***** Extracted records *****
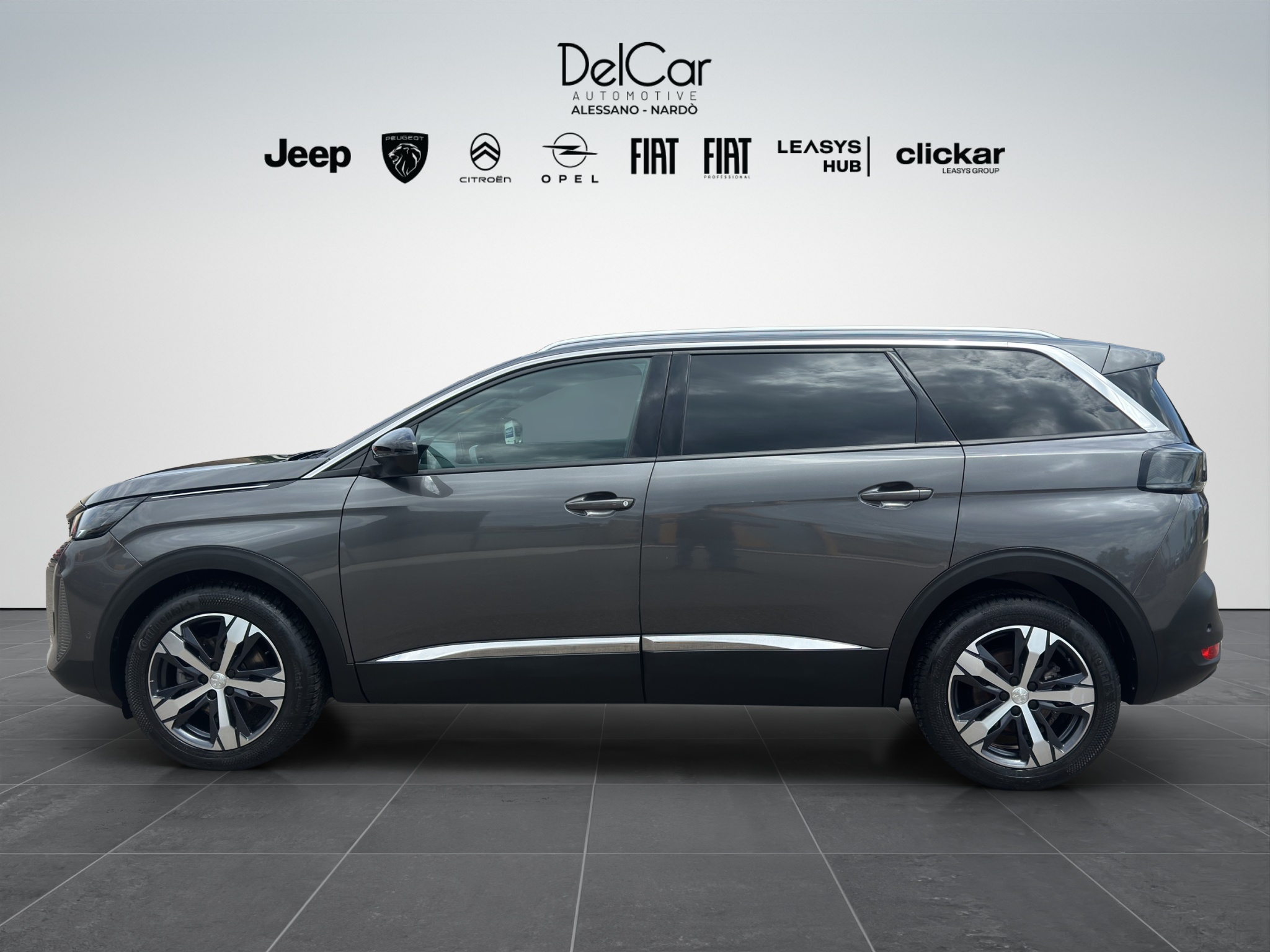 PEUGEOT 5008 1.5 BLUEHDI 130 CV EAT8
*****
***** Extracted records *****
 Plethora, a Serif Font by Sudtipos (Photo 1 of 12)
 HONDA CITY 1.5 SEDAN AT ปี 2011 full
*****
◆ **Exercise**: Only the lines above from the line containing "Plethora, a Serif" through the line containing "HONDA CITY 1.5 SEDAN AT ปี 2011 full" should be retyped, exactly and with both ends included.

◆ **Exercise solution**:
 Plethora, a Serif Font by Sudtipos (Photo 1 of 12)
 HONDA CITY 1.5 SEDAN AT ปี 2011 full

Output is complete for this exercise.